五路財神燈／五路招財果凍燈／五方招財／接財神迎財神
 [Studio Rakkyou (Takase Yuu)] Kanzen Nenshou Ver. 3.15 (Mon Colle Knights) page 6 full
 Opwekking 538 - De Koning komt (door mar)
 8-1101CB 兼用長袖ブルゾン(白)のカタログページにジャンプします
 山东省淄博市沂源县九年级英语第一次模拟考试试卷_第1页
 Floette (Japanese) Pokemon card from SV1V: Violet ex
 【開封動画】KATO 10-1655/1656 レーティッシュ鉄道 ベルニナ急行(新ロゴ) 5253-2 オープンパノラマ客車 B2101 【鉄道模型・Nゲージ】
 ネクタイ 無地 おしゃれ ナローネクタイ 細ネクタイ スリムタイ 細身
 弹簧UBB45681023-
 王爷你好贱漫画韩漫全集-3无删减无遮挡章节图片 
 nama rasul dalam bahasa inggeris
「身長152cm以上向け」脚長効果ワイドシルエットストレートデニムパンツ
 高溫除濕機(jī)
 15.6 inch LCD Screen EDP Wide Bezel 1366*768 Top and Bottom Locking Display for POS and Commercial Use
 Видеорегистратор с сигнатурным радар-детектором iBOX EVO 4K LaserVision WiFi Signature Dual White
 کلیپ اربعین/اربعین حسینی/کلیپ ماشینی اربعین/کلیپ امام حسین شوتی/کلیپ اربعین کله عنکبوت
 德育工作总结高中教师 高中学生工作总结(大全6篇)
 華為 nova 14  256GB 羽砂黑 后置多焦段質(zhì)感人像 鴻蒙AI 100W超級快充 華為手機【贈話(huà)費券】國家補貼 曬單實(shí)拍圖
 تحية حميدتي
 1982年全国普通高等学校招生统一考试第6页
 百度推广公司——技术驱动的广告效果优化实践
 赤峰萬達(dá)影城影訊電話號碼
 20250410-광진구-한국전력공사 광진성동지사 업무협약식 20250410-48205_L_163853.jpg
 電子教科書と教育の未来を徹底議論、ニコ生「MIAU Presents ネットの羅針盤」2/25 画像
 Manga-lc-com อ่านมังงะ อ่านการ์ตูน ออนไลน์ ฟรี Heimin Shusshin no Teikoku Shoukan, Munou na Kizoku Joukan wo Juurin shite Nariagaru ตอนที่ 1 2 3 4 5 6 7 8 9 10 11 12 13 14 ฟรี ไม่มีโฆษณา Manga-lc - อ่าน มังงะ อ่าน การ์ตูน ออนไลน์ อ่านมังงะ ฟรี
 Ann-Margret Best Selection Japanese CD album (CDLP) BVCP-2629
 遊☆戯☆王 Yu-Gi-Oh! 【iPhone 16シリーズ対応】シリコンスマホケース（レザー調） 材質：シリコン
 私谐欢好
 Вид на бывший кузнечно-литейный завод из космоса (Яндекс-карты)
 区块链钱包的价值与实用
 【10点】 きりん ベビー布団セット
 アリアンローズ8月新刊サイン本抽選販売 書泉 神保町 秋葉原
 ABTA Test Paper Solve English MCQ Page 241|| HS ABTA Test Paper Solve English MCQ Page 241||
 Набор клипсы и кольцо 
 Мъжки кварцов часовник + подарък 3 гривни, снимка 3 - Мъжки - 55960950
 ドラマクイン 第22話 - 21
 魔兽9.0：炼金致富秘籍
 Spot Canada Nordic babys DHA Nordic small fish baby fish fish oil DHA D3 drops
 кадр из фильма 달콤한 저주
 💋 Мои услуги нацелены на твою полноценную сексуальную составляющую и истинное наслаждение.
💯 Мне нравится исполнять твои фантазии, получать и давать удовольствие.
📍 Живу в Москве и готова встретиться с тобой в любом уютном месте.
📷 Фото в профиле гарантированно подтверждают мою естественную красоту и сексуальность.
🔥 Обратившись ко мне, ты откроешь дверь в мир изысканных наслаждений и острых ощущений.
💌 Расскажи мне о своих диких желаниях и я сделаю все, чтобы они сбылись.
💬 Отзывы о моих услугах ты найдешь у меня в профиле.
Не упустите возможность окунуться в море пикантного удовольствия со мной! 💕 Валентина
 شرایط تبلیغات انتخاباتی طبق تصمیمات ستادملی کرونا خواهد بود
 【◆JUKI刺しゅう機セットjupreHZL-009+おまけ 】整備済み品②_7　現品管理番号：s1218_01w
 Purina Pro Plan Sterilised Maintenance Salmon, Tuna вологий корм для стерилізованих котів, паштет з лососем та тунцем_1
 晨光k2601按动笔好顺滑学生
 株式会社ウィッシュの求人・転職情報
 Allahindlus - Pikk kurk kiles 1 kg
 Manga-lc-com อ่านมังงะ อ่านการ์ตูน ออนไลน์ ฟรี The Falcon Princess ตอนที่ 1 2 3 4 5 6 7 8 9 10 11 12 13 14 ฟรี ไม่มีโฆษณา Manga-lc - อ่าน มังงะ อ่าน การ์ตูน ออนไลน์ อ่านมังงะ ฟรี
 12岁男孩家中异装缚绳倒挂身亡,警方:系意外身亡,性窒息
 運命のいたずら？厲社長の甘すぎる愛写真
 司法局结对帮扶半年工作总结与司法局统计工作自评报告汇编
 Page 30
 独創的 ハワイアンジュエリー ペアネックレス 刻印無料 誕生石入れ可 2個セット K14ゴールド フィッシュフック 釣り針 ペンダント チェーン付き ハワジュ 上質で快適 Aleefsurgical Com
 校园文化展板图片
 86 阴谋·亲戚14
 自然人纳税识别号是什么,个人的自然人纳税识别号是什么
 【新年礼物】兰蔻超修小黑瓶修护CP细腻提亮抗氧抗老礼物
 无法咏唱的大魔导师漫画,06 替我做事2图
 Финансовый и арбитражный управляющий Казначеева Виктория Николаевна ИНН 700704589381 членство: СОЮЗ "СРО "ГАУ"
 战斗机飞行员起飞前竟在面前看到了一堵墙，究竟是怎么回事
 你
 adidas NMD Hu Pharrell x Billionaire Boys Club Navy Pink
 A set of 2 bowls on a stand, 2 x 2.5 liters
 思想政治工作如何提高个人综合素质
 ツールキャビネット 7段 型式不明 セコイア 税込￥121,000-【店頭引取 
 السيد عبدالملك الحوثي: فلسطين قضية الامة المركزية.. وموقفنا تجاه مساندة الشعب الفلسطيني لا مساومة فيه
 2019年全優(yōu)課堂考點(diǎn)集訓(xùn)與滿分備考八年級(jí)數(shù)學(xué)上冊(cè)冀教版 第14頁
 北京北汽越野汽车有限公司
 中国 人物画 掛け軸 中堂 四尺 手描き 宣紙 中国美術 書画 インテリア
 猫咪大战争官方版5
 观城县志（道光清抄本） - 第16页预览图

Task prompt — The word "профиле" appears on some lines of the data above; count those lines and give only the total.

Exercise result — 2